_Data shown_
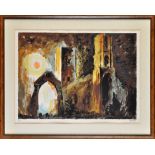 John Piper
"WYMONDHAM, NORFOLK"
signed in pencil
limited edition numbered 33/70,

_What needs to be done_
Every last line above must be reproduced as written, and no pictures belong in the copy.

_Solution for this task_
 John Piper
"WYMONDHAM, NORFOLK"
signed in pencil
limited edition numbered 33/70,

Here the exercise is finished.